Following the tragic murder of yet another member of the emergency services family this morning, I have noticed some sections of the mainstream media are talking about a subject that the majority of them have zero experience of; searching a prisoner.
This article is intended primarily for our readers who have no experience of serving in the police. It is intended to help the general public understand more about when and how officers search a prisoner.
I served for ten years in the Met (five years as a regular officer and five years as a Special), and I spent all of my time on a 999 response team in east London.
I retired from the Job five years ago, so I am sure that some of the policies and procedures which I once knew have now changed.
Whilst we do not know any of the circumstances surrounding the tragic death of our colleague, I felt compelled to write this piece to counter the misinformation that is being peddled by some sections of the mainstream media.

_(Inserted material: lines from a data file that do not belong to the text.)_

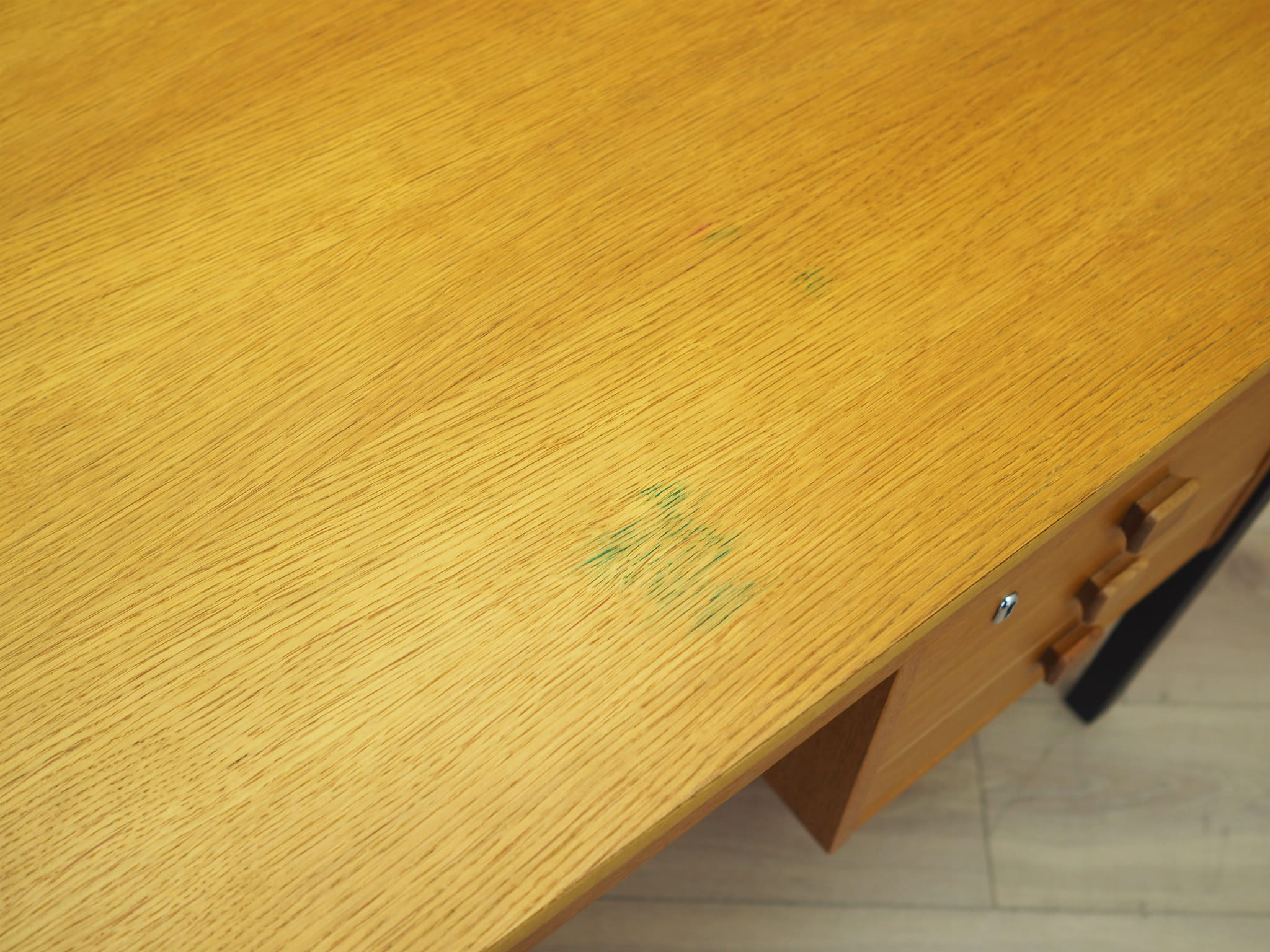 Vintage Desk Ash Wood Brown 1970s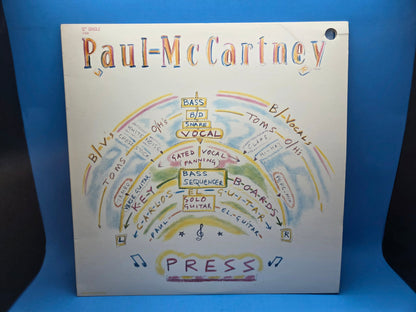 PAUL MCCARTNEY PRESS 12"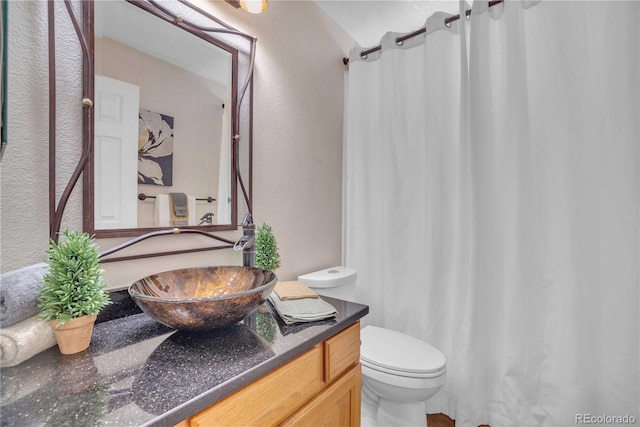 10356 Lions Heart, Lone Tree, CO 80124 - full bath with a textured wall, vanity, and curtained shower
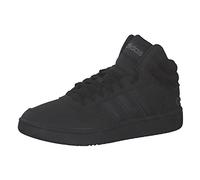 adidas Men's Hoops 3 Lifestyle Basketball Mid Classic Shoes, Core Black/Core Black/Grey Six, 10 UK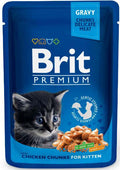 BRIT PREMIUM KITTEN plic, Bucăţi de carne de pui 100g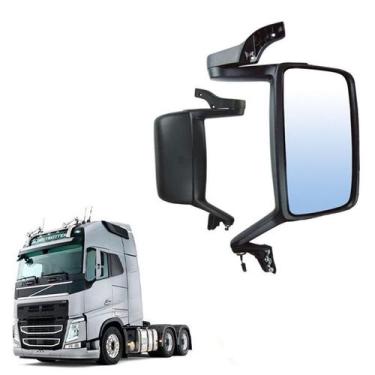 Imagem de Espelho Retrovisor Volvo Fh Fm 2010 2011 Ld Sem Desembaçador - Globo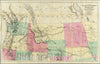 Historic Map : General Map of the North Pacific States and Territories, 1865 - Vintage Wall Art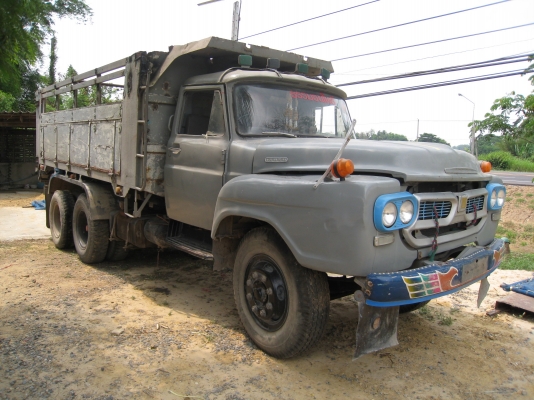 สิบล้อหน้ายาว 1 เพลา ดั๊ม เครื่อง 6BD 160 แรง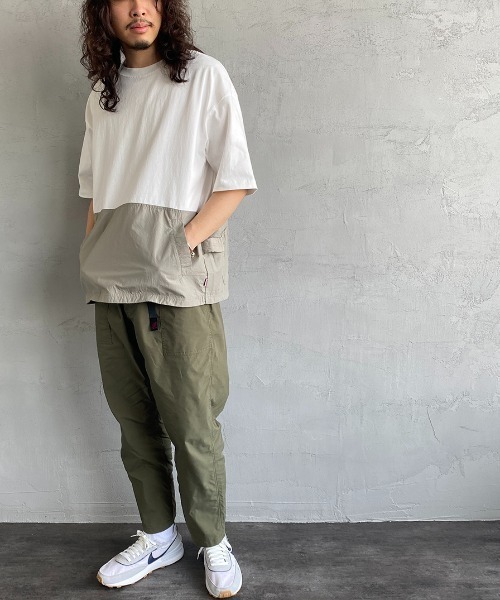 CHUMS（チャムス）の「[CHUMS/チャムス] ヘビーウェイト バックサイドユーティリティポケットTシャツ（Tシャツ/カットソー・レディース・ホワイト/ブラック・M/L/XL）」の7枚目の写真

For example, I have just heard one well-known journalist say that the weapon ‘ought to have been found’. This statement is incredibly reckless in terms of its complete lack of understanding concerning how and when searches are carried out.
The mainstream media are often quick to pass judgement on incidents and circumstances about which they have zero first-hand experience.
I must stress that this article is entirely aside from what happened in the early hours of this morning.
We, here at emergency services news, know only that which has been released publically by the Met following the tragic death of one of their officers.
When someone is arrested, then it is often the case that the prisoner is searched before they are placed into the back of a police van or, on rare occasions, the back of a police car.
But if somebody is concealing something in or around an intimate area of their body, then a cursory search will not always find whatever it is that the prisoner is hell-bent on trying to hide.
For example, if a prisoner has strapped an object to the inside of their leg, then a cursory search on the street will not always find what it is that has been hidden.
Or, if someone has stuffed something down the front or rear of their pants, then a standard search that is carried out in the street will not always locate the object that has been hidden.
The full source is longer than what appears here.